[PROVIDED DATA Boundary: Start]

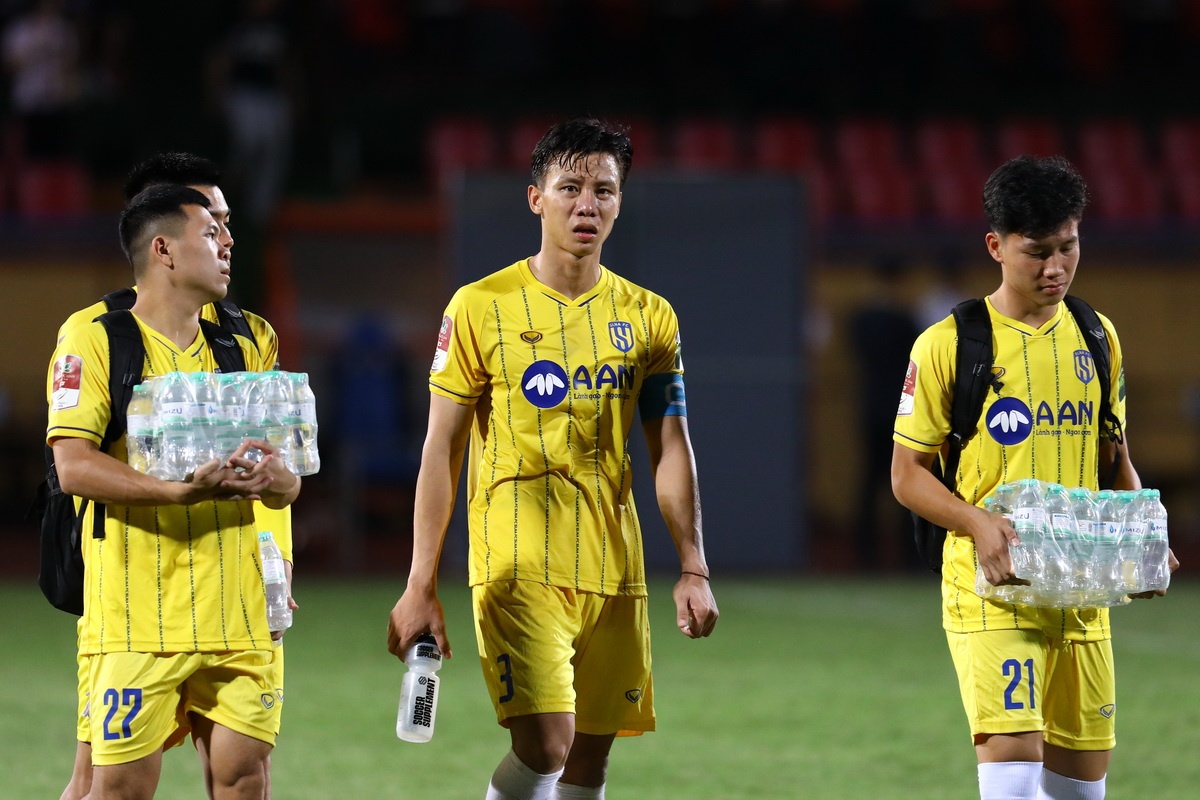 Phan ung hai HLV ve tranh cai trong tran thua cua SLNA hinh anh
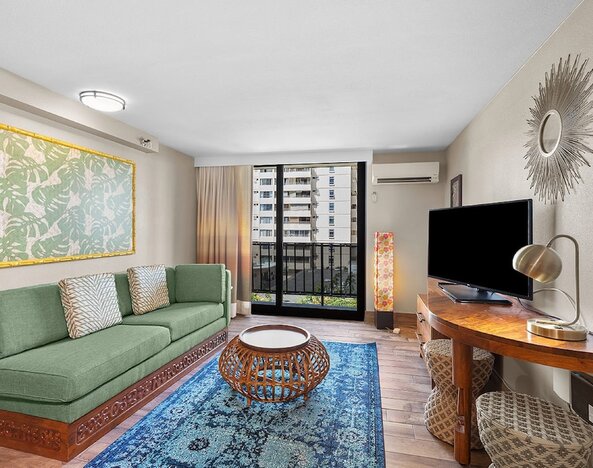 Castle Bamboo Waikīkī Hotel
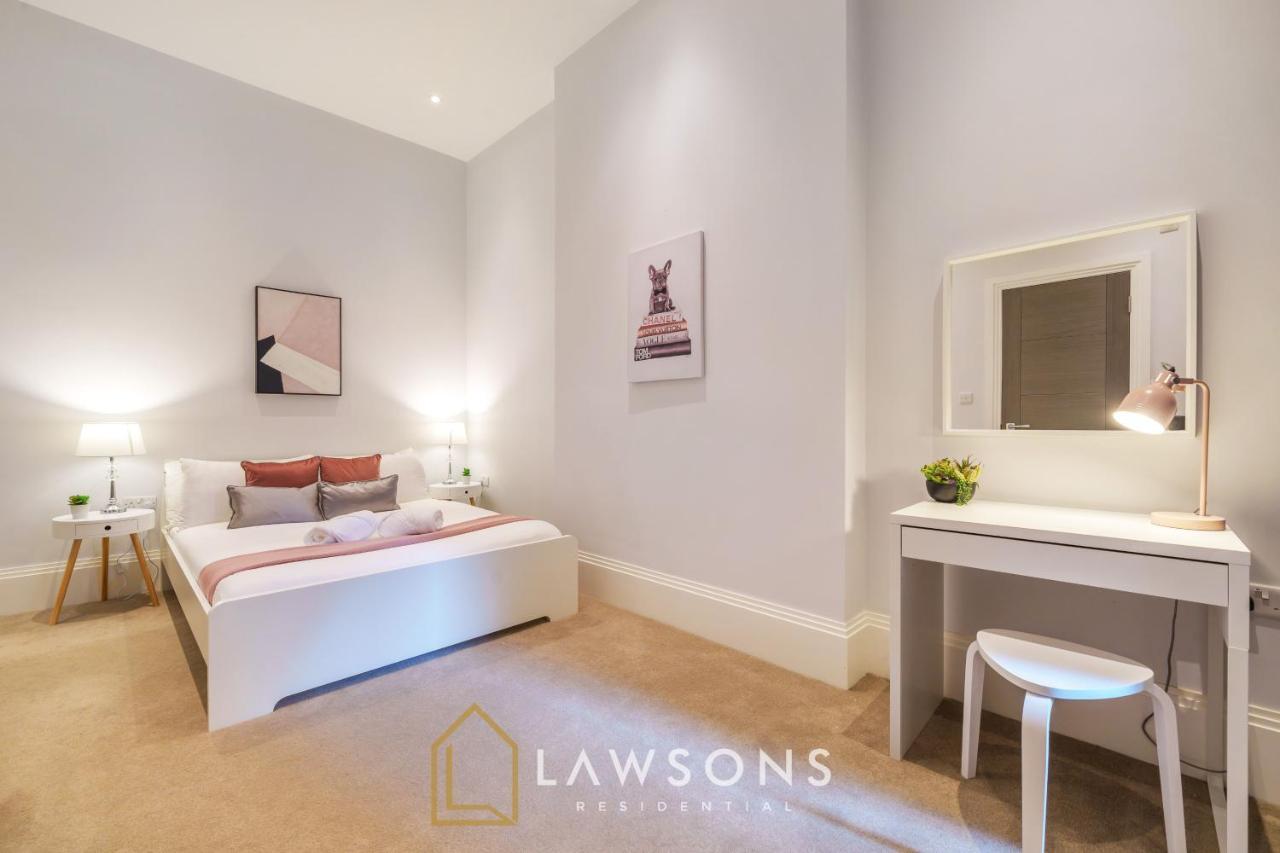 Executive Living By Lawsons 3 Bed, 3 Bath Appartement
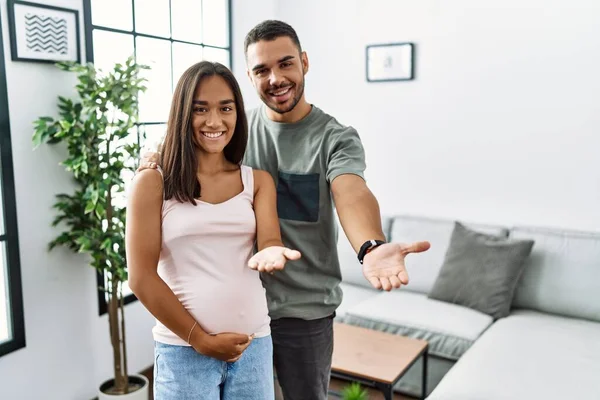 Joven Pareja Interracial Esperando Bebé Tocando Vientre Embarazada Sonriente Alegre — Foto de Stock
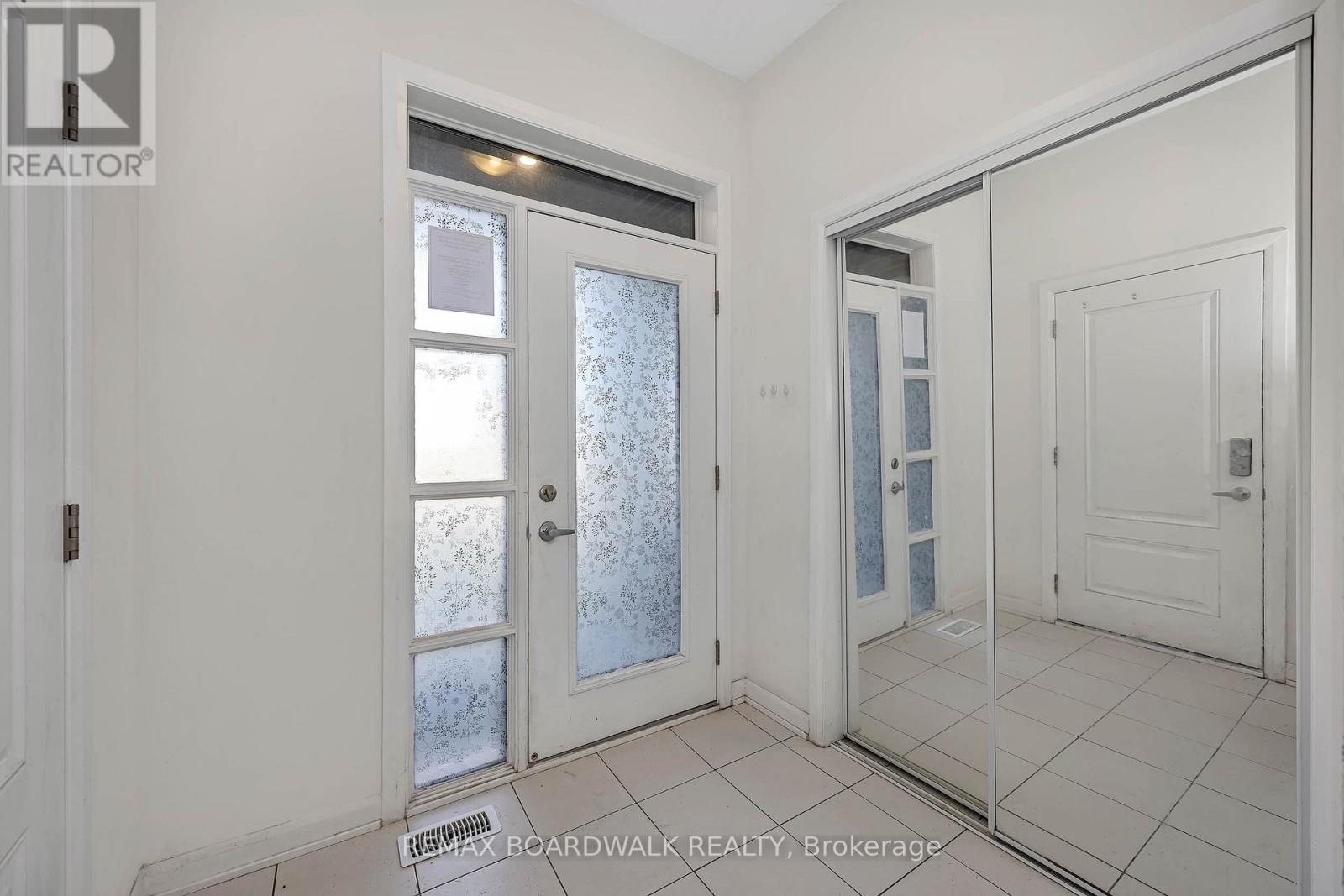 2063 Caltra Crescent, Ottawa, Ontario K2V 6V4 - Photo 4 - X13455656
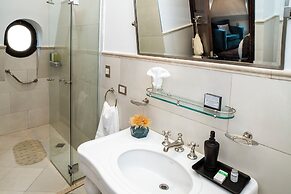 Miravida Soho Hotel & Wine Bar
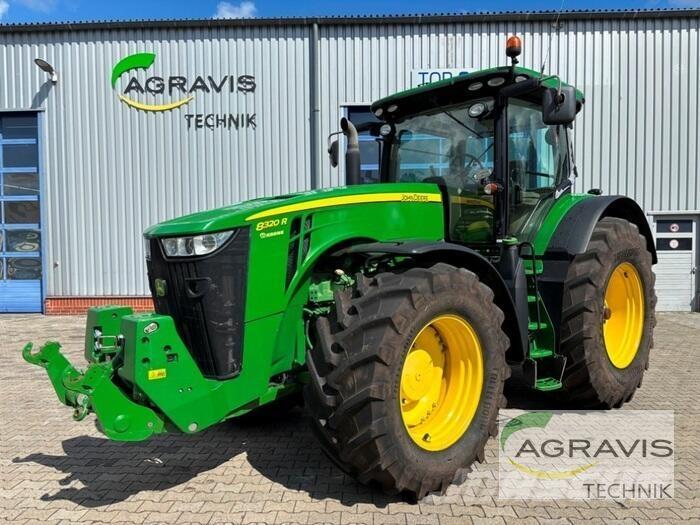 John Deere 8320 R Traktoren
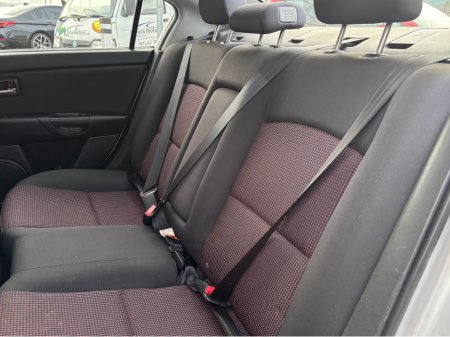 2006 Mazda Mazda3 1.6 TOURING SDN SVP €999 thumbnail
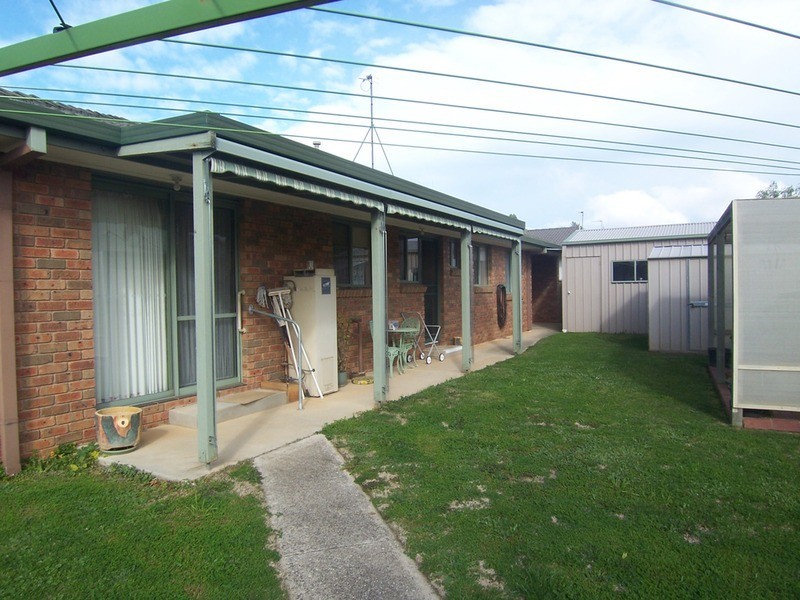 2a Alliance Avenue, California Gully VIC 3556
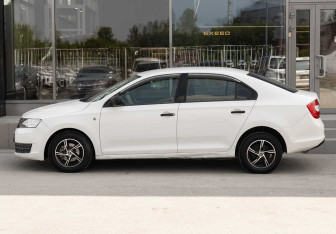 Подержанный автомобиль Skoda Rapid Liftback 2017 года (8 фото)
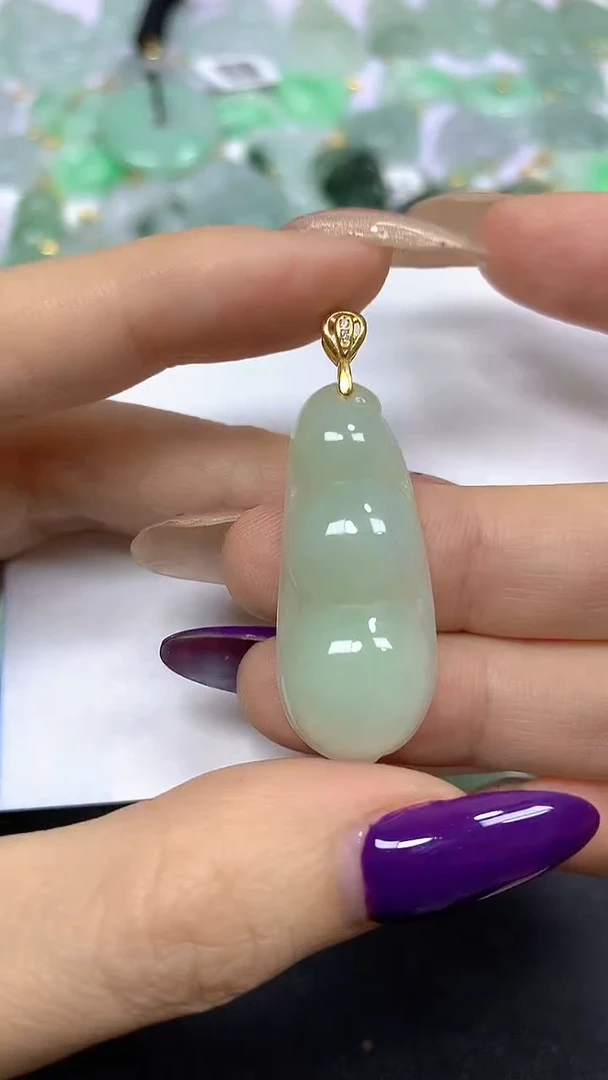 颈饰未镶嵌翡翠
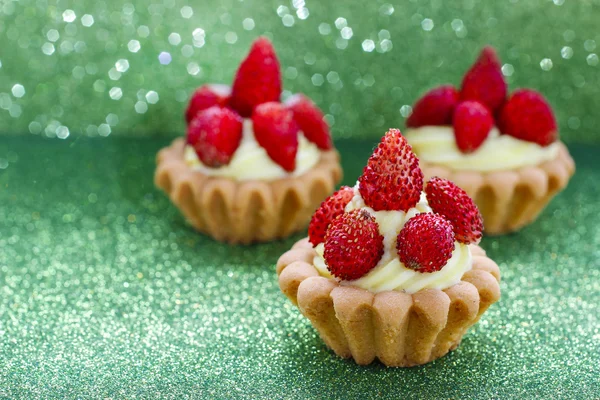 Schöne winzige Cupcakes mit Walderdbeeren — Stockfoto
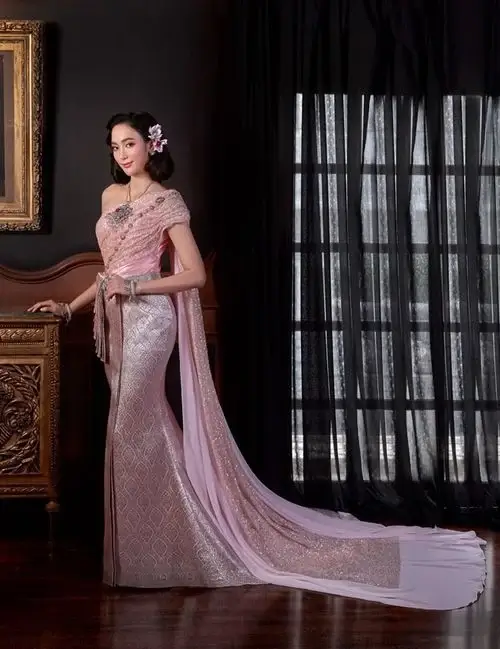 เจ้าสาวผิวขาวอมชมพู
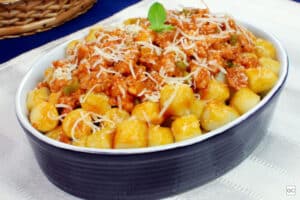 Nhoque de Mandioca com Ragu de Linguiça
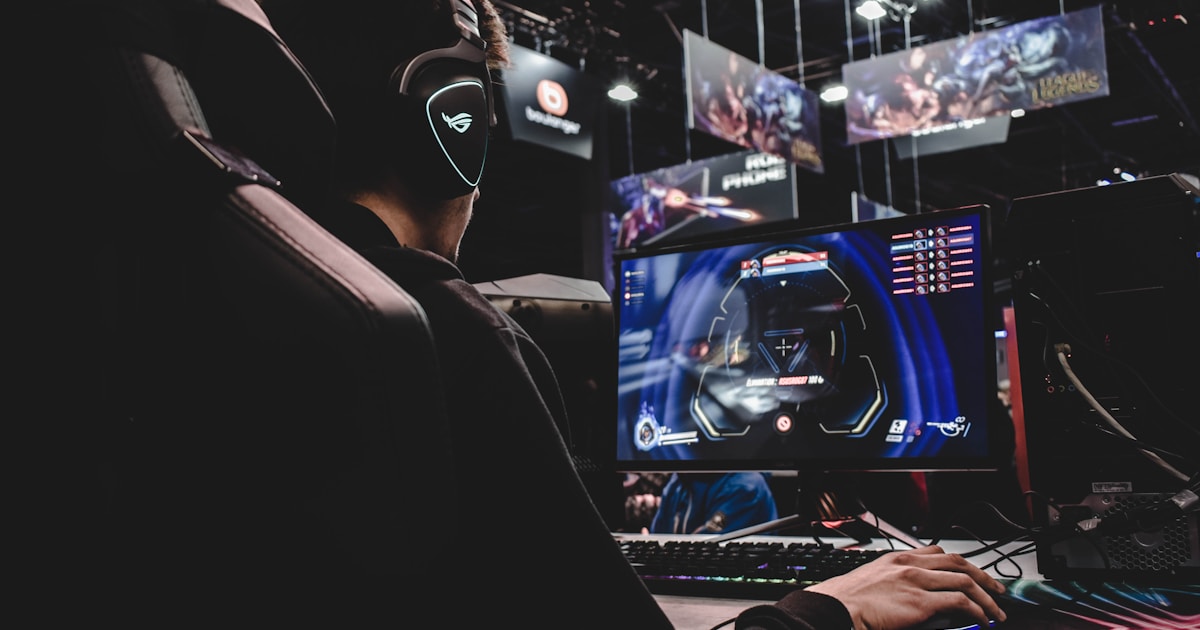 Compétition esport en arène : le streaming gaming professionnel sur Twitch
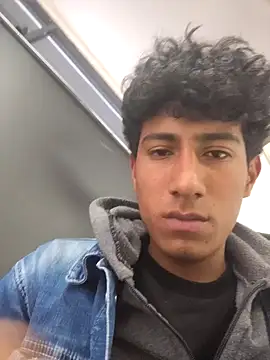 alexander32r online show from December 19, 2025, 4:53 pm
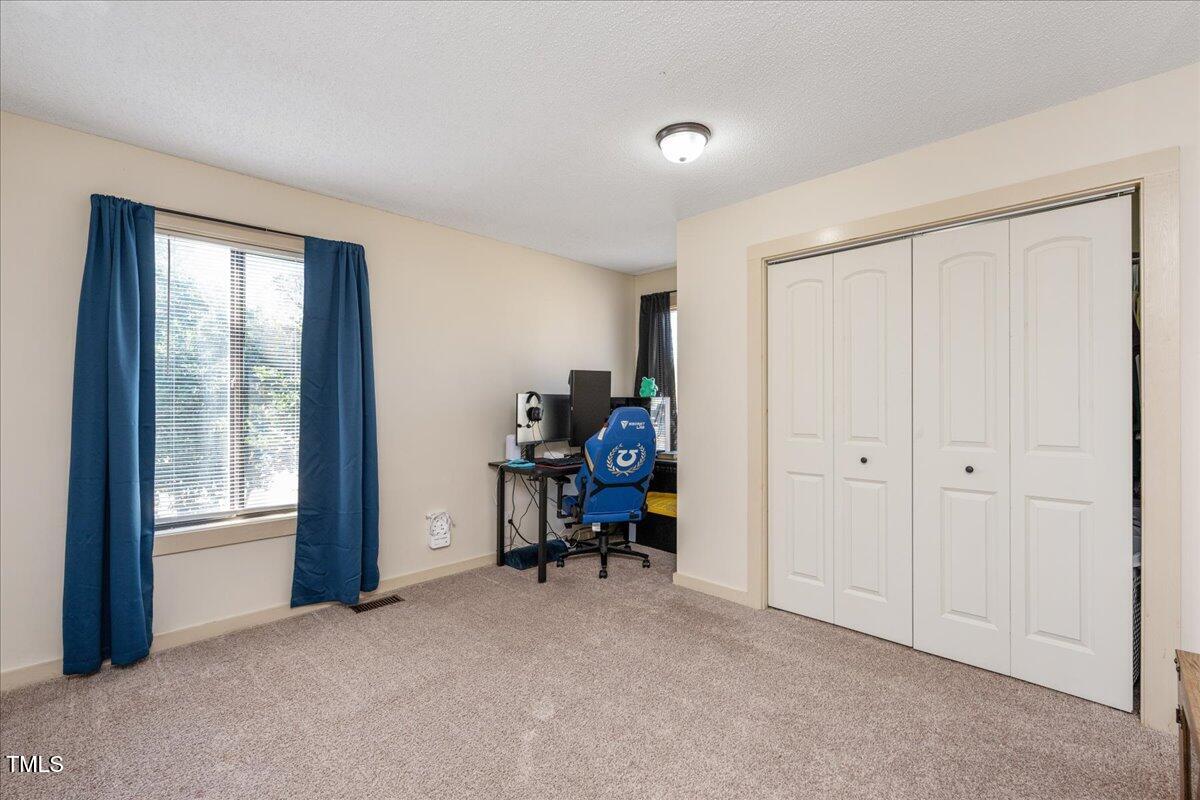 1615 Old Barn Road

[PROVIDED DATA Boundary: End]

WHAT IS NEEDED:
Print the entries above exactly, taking out only the pictures.

OUTPUT OF THE TASK:
 Phan ung hai HLV ve tranh cai trong tran thua cua SLNA hinh anh
 Castle Bamboo Waikīkī Hotel
 Executive Living By Lawsons 3 Bed, 3 Bath Appartement
 Joven Pareja Interracial Esperando Bebé Tocando Vientre Embarazada Sonriente Alegre — Foto de Stock
 2063 Caltra Crescent, Ottawa, Ontario K2V 6V4 - Photo 4 - X13455656
 Miravida Soho Hotel & Wine Bar
 John Deere 8320 R Traktoren
 2006 Mazda Mazda3 1.6 TOURING SDN SVP €999 thumbnail
 2a Alliance Avenue, California Gully VIC 3556
 Подержанный автомобиль Skoda Rapid Liftback 2017 года (8 фото)
 颈饰未镶嵌翡翠
 Schöne winzige Cupcakes mit Walderdbeeren — Stockfoto
 เจ้าสาวผิวขาวอมชมพู
 Nhoque de Mandioca com Ragu de Linguiça
 Compétition esport en arène : le streaming gaming professionnel sur Twitch
 alexander32r online show from December 19, 2025, 4:53 pm
 1615 Old Barn Road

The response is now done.